[clang] [analyzer] Refine invalidation caused by `fread` (PR #93408)
Balazs Benics via cfe-commits
cfe-commits at lists.llvm.org
Thu Jun 6 01:15:25 PDT 2024
================
@@ -0,0 +1,412 @@
+// RUN: %clang_analyze_cc1 -verify %s \
+// RUN: -triple x86_64-linux-gnu \
+// RUN: -analyzer-checker=core,unix.Stream,alpha.security.taint \
+// RUN: -analyzer-checker=debug.ExprInspection
+
+#include "Inputs/system-header-simulator-for-simple-stream.h"
+
+#define EOF (-1)
+
+void clang_analyzer_dump(int);
+void clang_analyzer_isTainted(int);
+void clang_analyzer_warnIfReached(void);
+
+// A stream is only tracked by StreamChecker if it results from a call to "fopen".
+// Otherwise, there is no specific modelling of "fread".
+void untracked_stream(FILE *fp) {
+ char c;
+ if (1 == fread(&c, 1, 1, fp)) {
+ char p = c; // Unknown value but not garbage and not modeled by checker.
+ } else {
+ char p = c; // Possibly indeterminate value but not modeled by checker.
+ }
+}
+
+void fgetc_props_taint(void) {
+ FILE *fp = fopen("/home/test", "rb+");
+ if (fp) {
+ int c = fgetc(fp); // c is tainted.
+ if (c != EOF) {
+ clang_analyzer_isTainted(c); // expected-warning{{YES}}
+ }
+ fclose(fp);
+ }
+}
+
+void fread_props_taint(void) {
+ FILE *fp = fopen("/home/test", "rb+");
+ if (fp) {
+ char buffer[10];
+ int c = fread(buffer, 1, 10, fp); // c is tainted.
+ if (c != 10) {
+ // If the read failed, then the number of bytes successfully read should be tainted.

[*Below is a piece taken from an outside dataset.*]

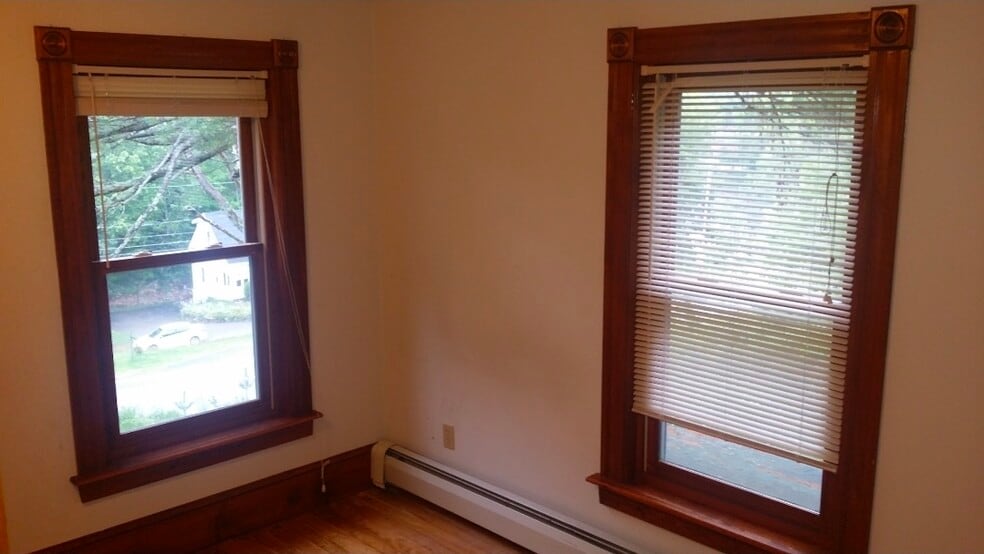 Building Photo - 1216 NH Route 175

+ clang_analyzer_isTainted(c); // expected-warning{{YES}}
+ }
+ fclose(fp);
+ }
+}
+
+void read_one_byte1(void) {
+ FILE *fp = fopen("/home/test", "rb+");
+ if (fp) {
+ char c;
+ if (1 == fread(&c, 1, 1, fp)) {
+ char p = c; // Unknown value but not garbage.

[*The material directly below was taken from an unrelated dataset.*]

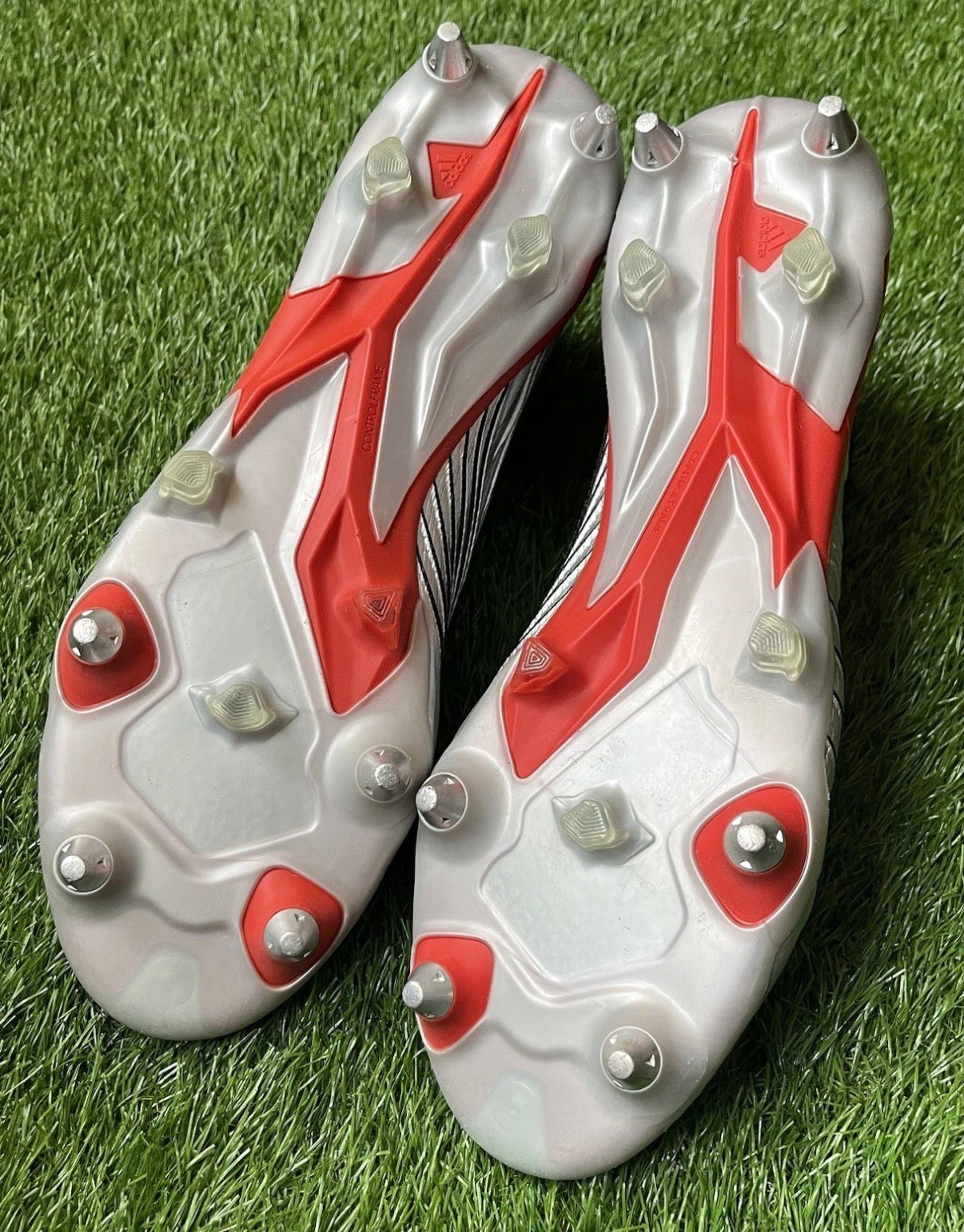 Adidas Predator 19.1 SG Pre Owned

+ clang_analyzer_isTainted(p); // expected-warning{{YES}}
+ } else {
+ char p = c; // Possibly indeterminate value but not modeled by checker.
+ clang_analyzer_isTainted(p); // expected-warning{{YES}}
+ }
+ fclose(fp);
+ }
+}
+
+void read_one_byte2(char *buffer) {
+ FILE *fp = fopen("/home/test", "rb+");
+ if (fp) {
+ if (1 == fread(buffer, 1, 1, fp)) {
+ char p = buffer[0]; // Unknown value but not garbage.

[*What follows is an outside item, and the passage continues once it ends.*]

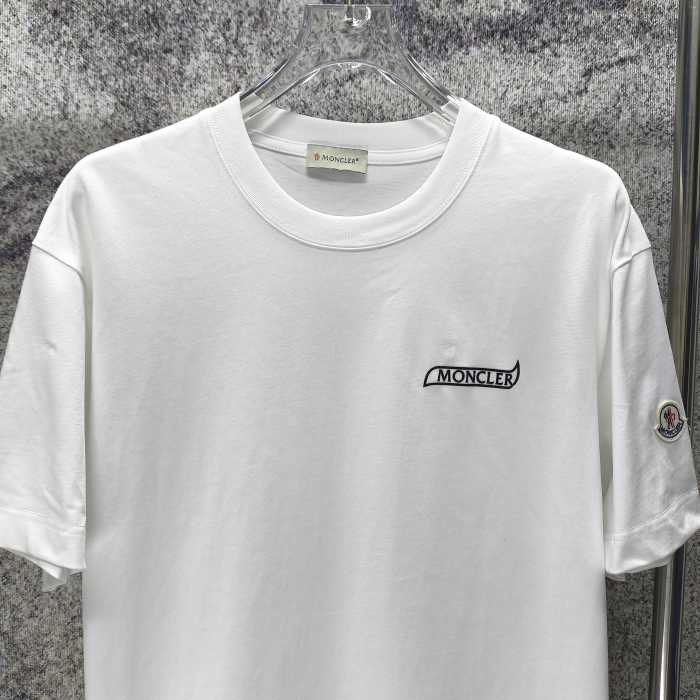 絶対欲しい！2026 モンクレール 新作 半袖Tシャツ 偽物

+ clang_analyzer_isTainted(p); // expected-warning{{YES}}
+ } else {
+ char p = buffer[0]; // Possibly indeterminate value but not modeled by checker.
+ clang_analyzer_isTainted(p); // expected-warning{{YES}}
+ }
+ fclose(fp);
+ }
+}
+
+void read_one_byte3(char *buffer) {
+ buffer[1] = 10;
+ FILE *fp = fopen("/home/test", "rb+");
+ if (fp) {
+ // buffer[1] is not mutated by fread and remains not tainted.
+ fread(buffer, 1, 1, fp);
+ char p = buffer[1];
+ clang_analyzer_isTainted(p); // expected-warning{{NO}}
+ clang_analyzer_dump(buffer[1]); // expected-warning{{10 S32b}}
+ fclose(fp);
+ }
+}
+
+void read_many_bytes(char *buffer) {
+ FILE *fp = fopen("/home/test", "rb+");
+ if (fp) {
+ if (42 == fread(buffer, 1, 42, fp)) {
+ char p = buffer[0]; // Unknown value but not garbage.
+ clang_analyzer_isTainted(p); // expected-warning{{YES}}
+ } else {
+ char p = buffer[0]; // Possibly indeterminate value but not modeled.
+ clang_analyzer_isTainted(p); // expected-warning{{YES}}
+ }
+ fclose(fp);
+ }
+}
+
+void random_access_write1(int index) {
+ FILE *fp = fopen("/home/test", "rb+");
+ if (fp) {
+ long c[4];
+ int success = 2 == fread(c + 1, sizeof(long), 2, fp);
+
+ switch (index) {
+ case 0:
+ // c[0] is not mutated by fread.
+ if (success) {
+ char p = c[0]; // expected-warning {{Assigned value is garbage or undefined}} We kept the first byte intact.
+ } else {
+ char p = c[0]; // expected-warning {{Assigned value is garbage or undefined}} We kept the first byte intact.
+ }
+ break;
+
+ case 1:
+ if (success) {
+ // Unknown value but not garbage.
+ clang_analyzer_isTainted(c[1]); // expected-warning {{YES}}
+ clang_analyzer_dump(c[1]); // expected-warning {{conj_}}
+ } else {
+ // Possibly indeterminate value but not modeled.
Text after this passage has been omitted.